START Records for this exercise

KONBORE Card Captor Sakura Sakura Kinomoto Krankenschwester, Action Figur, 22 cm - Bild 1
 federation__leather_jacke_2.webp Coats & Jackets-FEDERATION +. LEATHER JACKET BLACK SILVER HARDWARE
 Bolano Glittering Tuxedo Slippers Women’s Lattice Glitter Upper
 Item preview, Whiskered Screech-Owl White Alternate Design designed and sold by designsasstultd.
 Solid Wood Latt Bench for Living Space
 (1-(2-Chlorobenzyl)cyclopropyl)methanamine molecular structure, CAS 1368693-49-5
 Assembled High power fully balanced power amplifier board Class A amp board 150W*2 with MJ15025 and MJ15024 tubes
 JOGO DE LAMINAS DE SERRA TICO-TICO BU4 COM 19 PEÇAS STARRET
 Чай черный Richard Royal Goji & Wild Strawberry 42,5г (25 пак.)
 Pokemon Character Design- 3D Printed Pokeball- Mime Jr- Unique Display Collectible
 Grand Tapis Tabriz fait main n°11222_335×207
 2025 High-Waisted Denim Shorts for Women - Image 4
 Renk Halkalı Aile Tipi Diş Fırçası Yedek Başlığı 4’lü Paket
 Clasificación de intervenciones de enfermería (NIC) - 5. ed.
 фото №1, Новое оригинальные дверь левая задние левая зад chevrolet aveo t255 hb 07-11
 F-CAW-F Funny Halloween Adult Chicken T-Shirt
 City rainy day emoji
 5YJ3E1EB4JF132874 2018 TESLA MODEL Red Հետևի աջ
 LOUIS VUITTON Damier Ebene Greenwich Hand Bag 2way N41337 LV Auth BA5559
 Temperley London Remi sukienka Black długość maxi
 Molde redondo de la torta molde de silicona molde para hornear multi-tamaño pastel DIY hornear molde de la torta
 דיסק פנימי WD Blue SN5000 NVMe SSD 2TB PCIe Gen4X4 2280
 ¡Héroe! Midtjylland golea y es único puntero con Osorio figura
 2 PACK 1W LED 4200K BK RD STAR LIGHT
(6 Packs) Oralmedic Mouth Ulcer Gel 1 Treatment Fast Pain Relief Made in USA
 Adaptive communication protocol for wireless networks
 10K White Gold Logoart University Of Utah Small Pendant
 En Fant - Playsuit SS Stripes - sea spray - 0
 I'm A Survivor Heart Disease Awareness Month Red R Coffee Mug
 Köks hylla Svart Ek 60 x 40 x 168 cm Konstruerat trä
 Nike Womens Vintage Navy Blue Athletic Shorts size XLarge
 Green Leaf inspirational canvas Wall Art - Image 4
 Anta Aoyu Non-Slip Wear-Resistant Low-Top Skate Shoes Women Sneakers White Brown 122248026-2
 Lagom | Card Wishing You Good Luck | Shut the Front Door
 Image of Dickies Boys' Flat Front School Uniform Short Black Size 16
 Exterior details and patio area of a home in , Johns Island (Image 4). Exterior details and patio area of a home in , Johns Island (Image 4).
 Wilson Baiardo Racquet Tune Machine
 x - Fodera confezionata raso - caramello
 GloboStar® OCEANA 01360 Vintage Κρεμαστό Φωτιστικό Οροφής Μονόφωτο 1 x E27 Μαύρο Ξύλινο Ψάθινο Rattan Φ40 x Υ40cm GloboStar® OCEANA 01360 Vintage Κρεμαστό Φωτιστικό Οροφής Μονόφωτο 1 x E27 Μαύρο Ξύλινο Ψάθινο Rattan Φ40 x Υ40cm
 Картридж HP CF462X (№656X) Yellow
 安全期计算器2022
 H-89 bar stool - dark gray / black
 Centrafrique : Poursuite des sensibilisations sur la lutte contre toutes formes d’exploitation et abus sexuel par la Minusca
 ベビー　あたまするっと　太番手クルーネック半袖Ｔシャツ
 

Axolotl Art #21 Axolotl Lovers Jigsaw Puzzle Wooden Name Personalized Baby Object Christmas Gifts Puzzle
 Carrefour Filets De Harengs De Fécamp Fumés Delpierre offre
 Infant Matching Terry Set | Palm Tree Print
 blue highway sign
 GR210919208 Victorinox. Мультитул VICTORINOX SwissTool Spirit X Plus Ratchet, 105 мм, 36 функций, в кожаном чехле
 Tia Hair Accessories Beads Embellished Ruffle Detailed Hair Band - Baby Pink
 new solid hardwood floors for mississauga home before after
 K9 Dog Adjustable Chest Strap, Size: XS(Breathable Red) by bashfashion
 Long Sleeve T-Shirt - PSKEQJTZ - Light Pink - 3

END Records for this exercise

What is needed: What you give back should be exactly the lines of the data above from the line with "blue highway sign" through the line with "K9 Dog Adjustable", both of those included, and nothing more.

Result for this task:
 blue highway sign
 GR210919208 Victorinox. Мультитул VICTORINOX SwissTool Spirit X Plus Ratchet, 105 мм, 36 функций, в кожаном чехле
 Tia Hair Accessories Beads Embellished Ruffle Detailed Hair Band - Baby Pink
 new solid hardwood floors for mississauga home before after
 K9 Dog Adjustable Chest Strap, Size: XS(Breathable Red) by bashfashion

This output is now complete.